Find information on Velez in our Travel Guide covering sights, foods and nightlife plus more...

Velez Introduction

Velez lies less than thirty kilometres east of Malaga and five kilometres inland from Torre del Mar. A market town established in the tenth century, Velez is surrounded by very fertile land producing fruits and salads. The old town, with its very steep winding streets, has some fascinating buildings from the fifteenth and sixteenth centuries and wonderful views over the surrounding countryside. It is famous for its muscatel raisins and its dessert wines.

Why Go To Velez?

A Velez holiday offers a base away from the coast where visitors can enjoy the best of both worlds combining an attractive town with days at the seaside relaxing on soft sand and swimming in warm seas.

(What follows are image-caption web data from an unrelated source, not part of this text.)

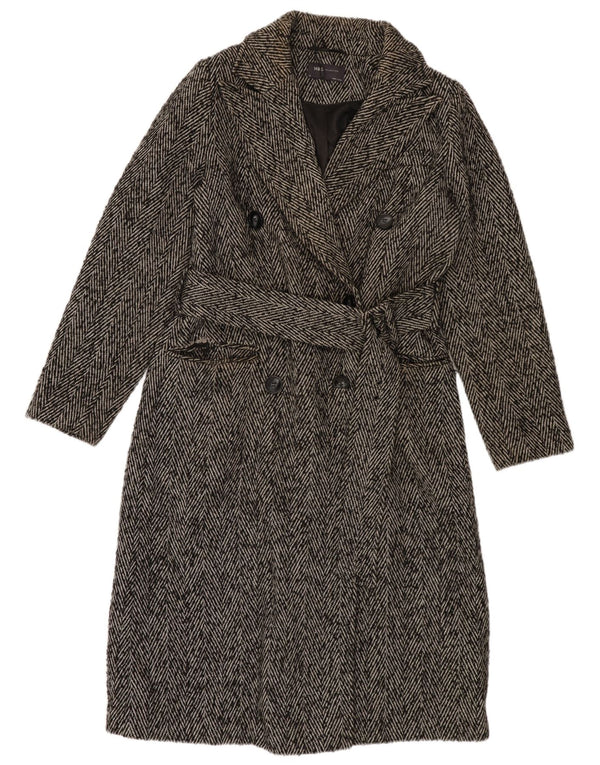 Cappotto doppiopetto da donna Marks & Spencer UK 10 piccolo grigio a spina di pesce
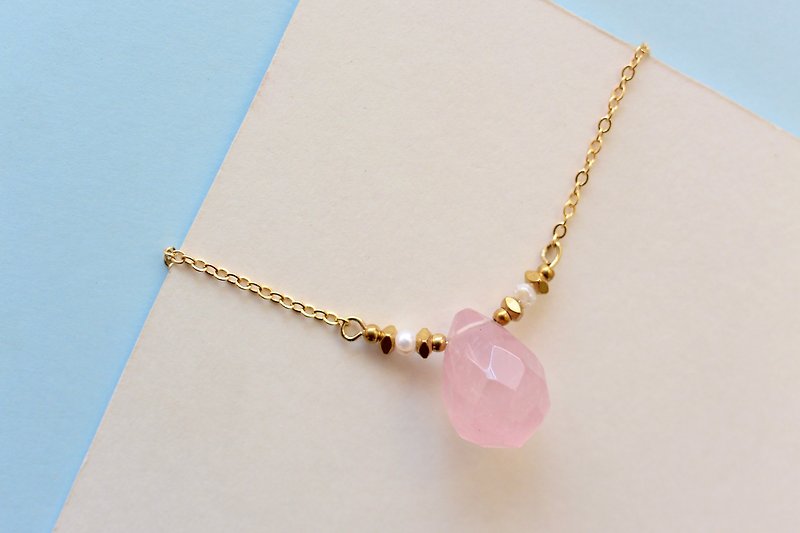 宝石 项链 粉红色 - 天然粉晶项链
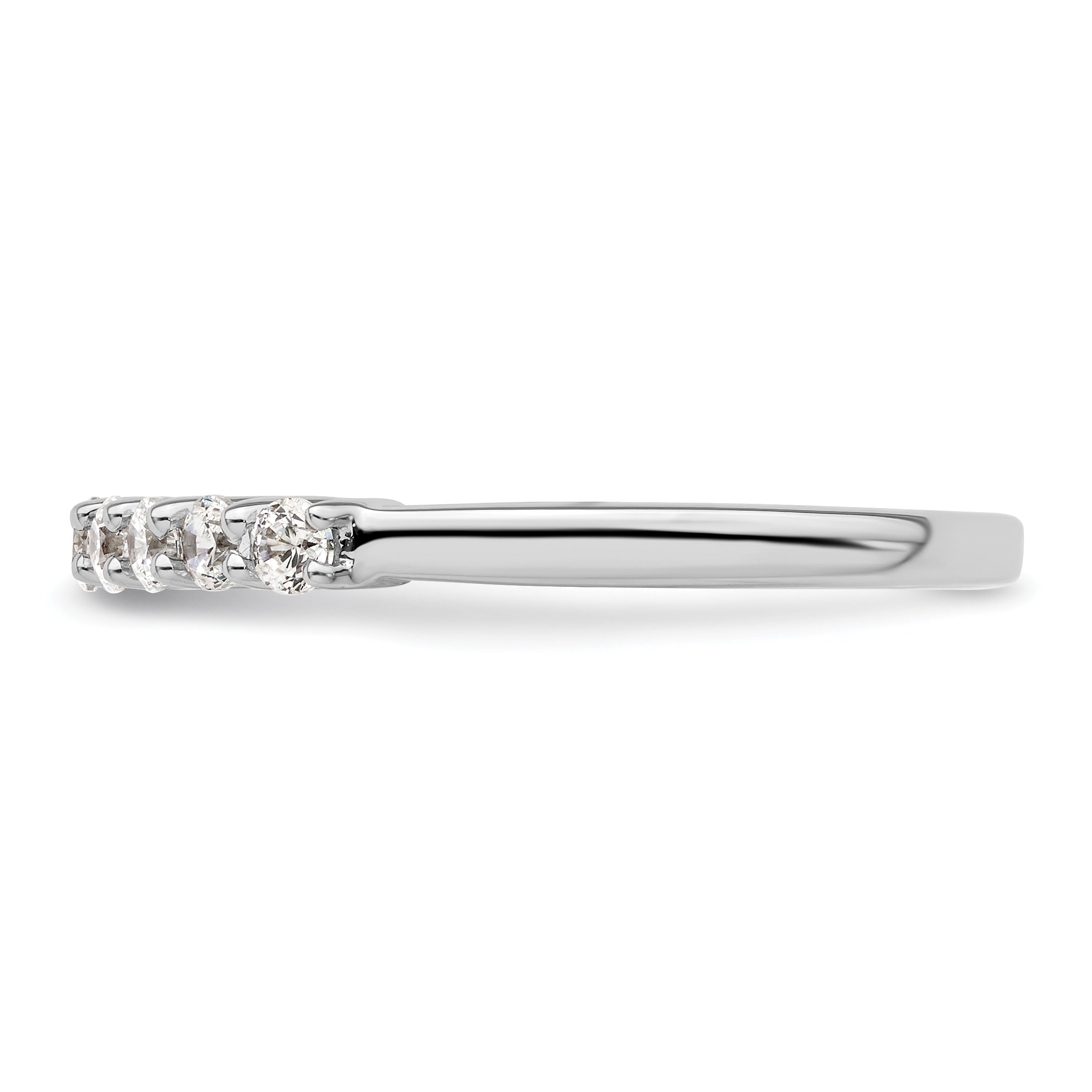 0.45ct. CZ Solid Real 14K White Gold 9-Stone Wedding Band Ring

Velez is very popular with couples of all ages. Being close to the coast, visitors can combine sightseeing in the town with relaxing days on the beach. Golfers will find a choice of courses.

When To Go To Velez

Although Velez is a year round holiday destination, the summer holiday period is the most popular time to go, with guaranteed sunshine and warm seas. Those who wish to walk or cycle in the hills would find early or late season a better time to visit when the temperature is a little cooler. Velez is also a good place to go to escape from the damp British winter and to enjoy a round of golf without having to brave the harsh elements of home. It is a pleasant destination for a city break.

Velez - The Place

The economy of Velez, in the past, depended heavily on agriculture but this has changed in recent years and much continues to be done to encourage tourism. The town is very well kept and much restoration work has been completed on its old churches and public buildings. The tower, La Fortaleza, standing high above the town dates from the time of the Moors as do the remnants of the city walls in the old town. Although the tower is not open to the public, the views from the garden beneath it are stunning. The Carmelite Square, Plaza de las Carmelitas, lies in the centre of the town and the Convent of Jesus, Mary and Joseph, dating from the seventeenth century is found there. There are a number of very fine churches including St. Maria la Major which was formerly a mosque, the minarets of which are enclosed in a tower.

Teatro del Carmen is a modern theatre which hosts regular concerts, both classical and traditional, as well as flamenco dancing and other cultural events. Velez also has a number of art galleries.

Velez has a wide range of good accommodation catering for most budgets. Its shopping facilities are excellent with good quality retailers in the town centre as well as an out of town shopping mall, El Ingenio. Velez, in common with most Spanish towns, has a weekly market.

As one would expect in a town of this size, Velez has a large number of tapas bars and small restaurants serving a diverse menu and catering for most tastes.

Velez has an indoor swimming, much appreciated by winter visitors. There are also numerous ball courts and a golf course. The Aqua Velis water park, in nearby Torre del Mar is a popular attraction with adults as well as children.

Velez Nightlife

The nightlife in Velez is surprisingly low-key for a town of its size. Evenings are spent wandering the winding streets of the old town and enjoying food and drink with friends. Those looking for all night entertainment can make the short journey to El Copo on the seafront in Torre del Mar where bars and discos provide dusk until dawn entertainment.

Velez Shopping

Velez has a good selection of shops providing for your every need. As well as the retailers in the town, there is also shopping mall in Torre del Mar, El Ingenio. There is also a weekly market each Thursday.

Velez Eating

Velez has a large number of tapas bars and small restaurants serving a variety of food and catering for most tastes. A good way to try Spanish food is to order a plate of tapas which consists of a medley of bite-sized dishes. Tapas are also ideal for filling the sometimes long gap between lunch and dinner, which is served later in Spain than at home.

Children are always made very welcome in Spanish restaurants and their tastes and portion sizes are usually accommodated.

Spanish wines are pleasant and inexpensive.